28. Vay hallerine o gün yalanlayanların.
29. Haydi yürüyün yalanladığınıza doğru.
30. Yürüyün üç kola ayrılmış gölgeye doğru.
31. Ne gölgelendirir sizi o, ne alevden korur.
32. O, köşk gibi kıvılcımlar fırlatır.
33. Sanki o kıvılcımlar, birer sarı erkek devedir.
34. Vay hallerine o gün yalanlayanların.
35. Bu, bir gündür ki söz söyleyemezler.
36. Onlara izin de verilmez, özür getiremezler.
37. Vay hallerine o gün yalanlayanların.
38. Budur ayırma günü, sizi de toplarız, öncekileri de.
39. Artık bir düzeniniz varsa düzüp koşun.
40. Vay hallerine o gün yalanlayanların.
41. Şüphe yok ki çekinenler, gölgeliklerdedir ve pınar başlarında,
42. arzuladıkları meyveleri bulurlar.
43. Yiyin ve için, âfiyetler olsun yaptıklarınıza karşılık.
44. Şüphe yok ki böyle mükâfatlandırırız iyilik edenleri.

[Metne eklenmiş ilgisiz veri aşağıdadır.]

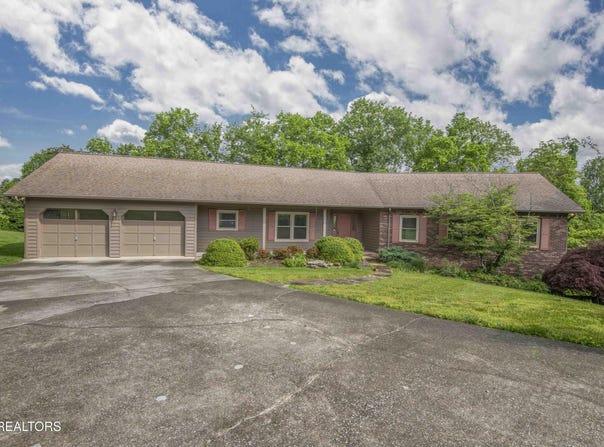 103 Farmington Place, Clinton, TN 37716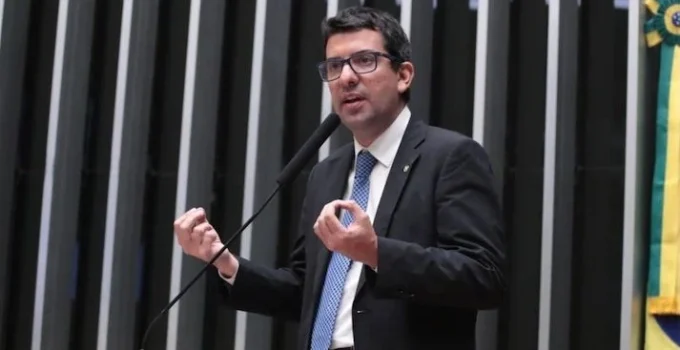 Deputado do Rio diz que patrimônio de R$ 7,6 milhões veio de herança após morte do pai
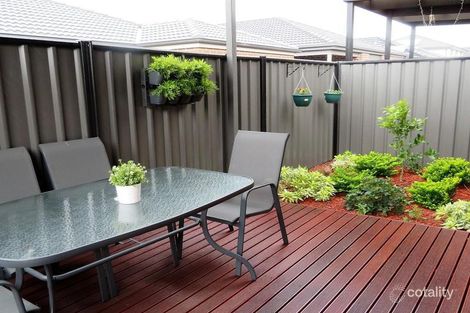 Property photo of 32 Kilmarnock Way Clyde North VIC 3978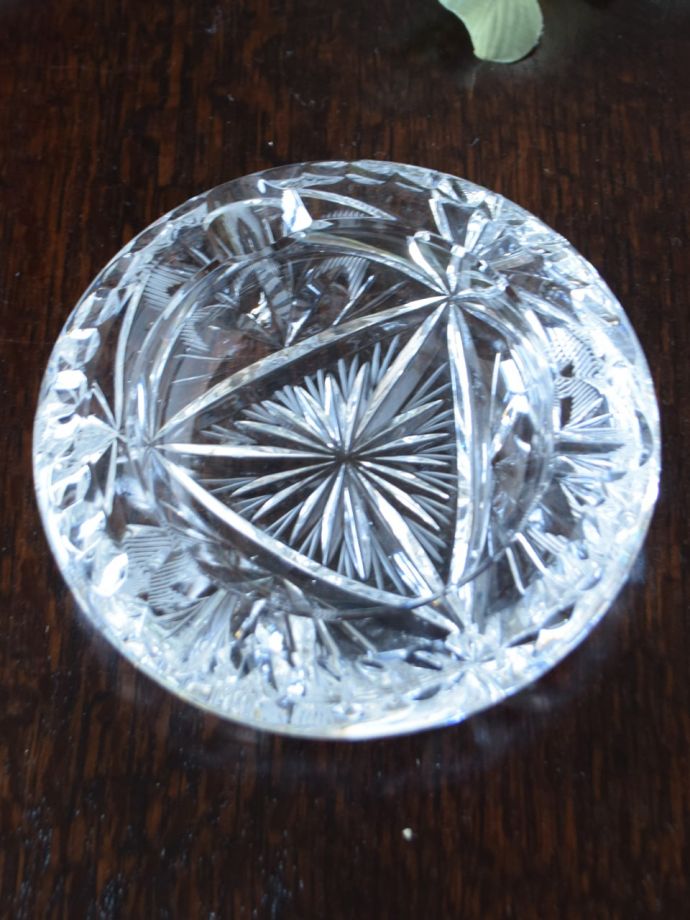 アンティークガラスの灰皿、イギリスで見つけたプレスドグラスの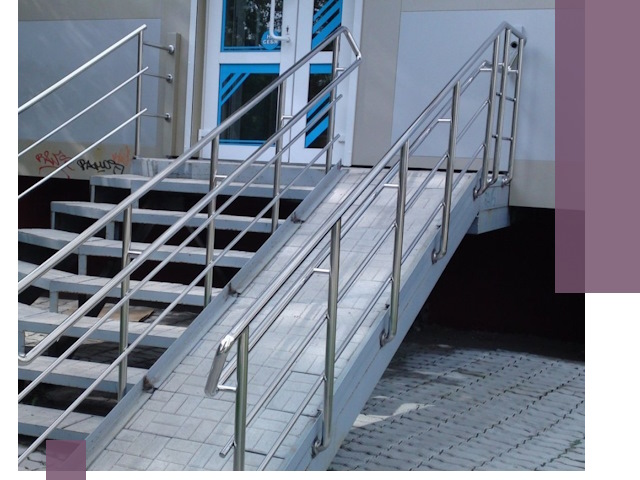 Пандус на крыльцо под ключ в Азове: монтаж и изготовление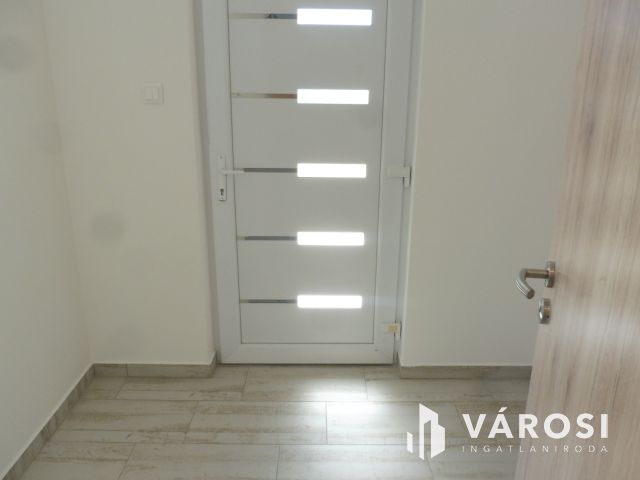 Újszegedi,nyugis,zöld-környezetben ház eladó.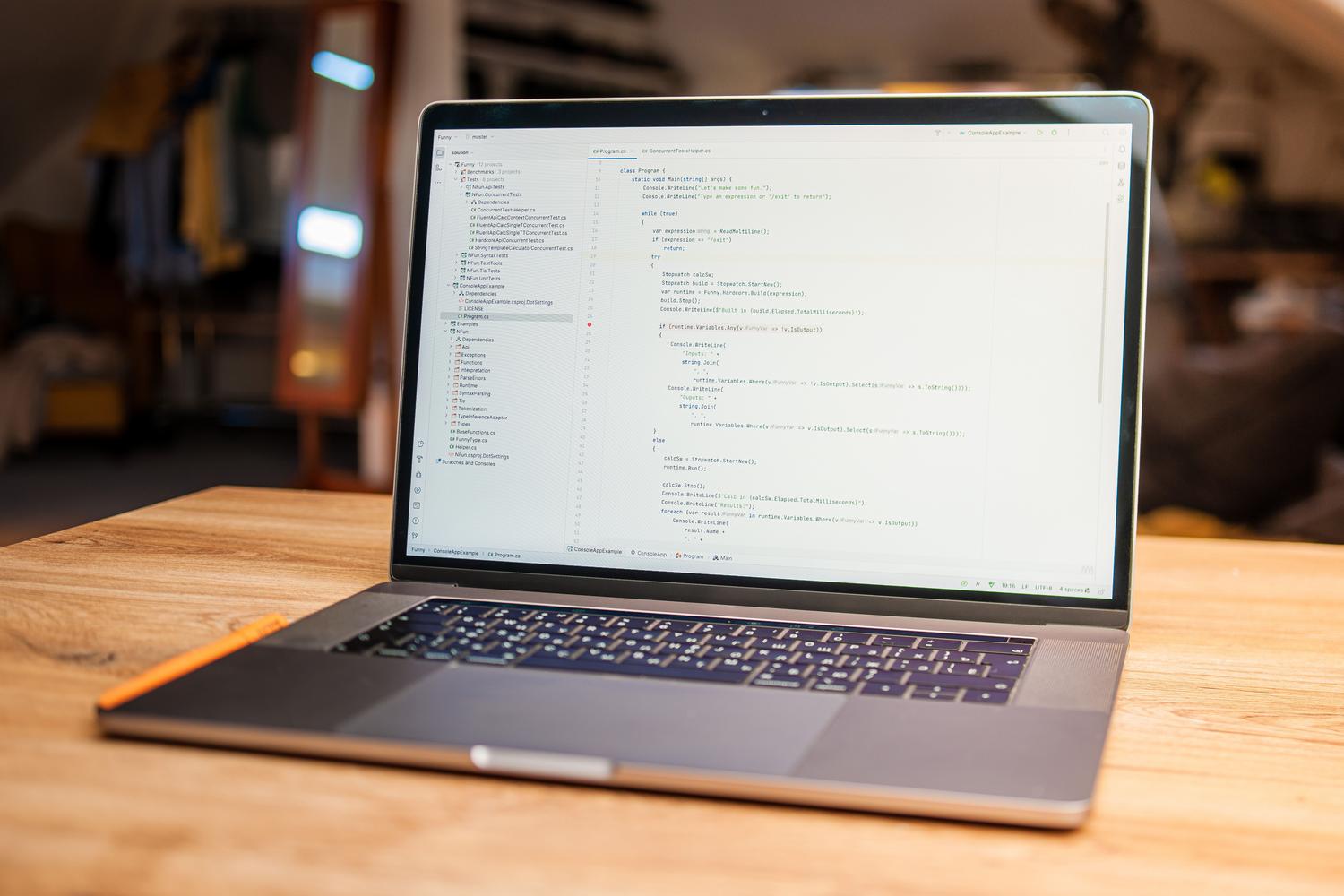 Espaço de trabalho moderno com um computador portátil mostrando código, ideal para representar a produtividade no desenvolvimento de software.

45. Vay hallerine o gün yalanlayanların.
46. Yiyin ve geçinin az bir müddet, şüphe yok ki suçlularsınız siz.
47. Vay hallerine o gün yalanlayanların.
48. Rükû edin denince onlara, rükû etmezler.
49. Vay hallerine o gün yalanlayanların.
50. Bundan sonra artık hangi söze inanırlar ki?